A jazz fan since her teen years, Gordon was one of the genre’s biggest female pioneers. She worked alongside her first husband, Blue Note Records co-founder Alfred Lion, as an A&R for the label in the 1940s and is credited with discovering Thelonious Monk, introducing him to Lion and helping book Monk at the nightclub.
After the passing of Village Vanguard owner (and Gordon’s second husband) Max Gordon, Lorraine took full ownership of the venue, which opened in 1935 and is to this day the longest-running jazz club in New York City. The club has hosted performances by Miles Davis, John Coltrane, Bill Evans, Sonny Rollins, Betty Carter, and countless others.
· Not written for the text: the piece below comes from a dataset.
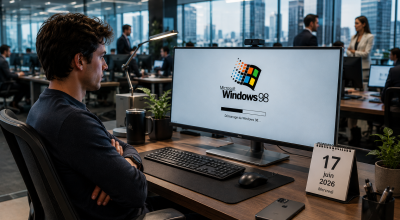 Jeune professionnel dans un open space moderne en 2026 attendant le démarrage de Windows 98 sur un ordinateur haut de gamme, illustration de l’obsolescence des outils numériques et de l’évolution du modèle logiciel.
In 2006, she published a memoir titled Alive at the Village Vanguard: My Life In and Out of Jazz Time alongside Barry Singer, and was recognized as a “Jazz Master” by the National Endowment for the Humanities in 2013—the only instance the honor has been awarded to a club owner.
“What I’m saying is, I didn’t arrive at the Village Vanguard from out of the blue. I stuck to what I loved,” she wrote in the memoir. “That was my art. I’m not a musician; I’m not a singer; I’m not a painter; I’m not an actress. I’m none of those things. But throughout my life I followed the course of the music that I loved.”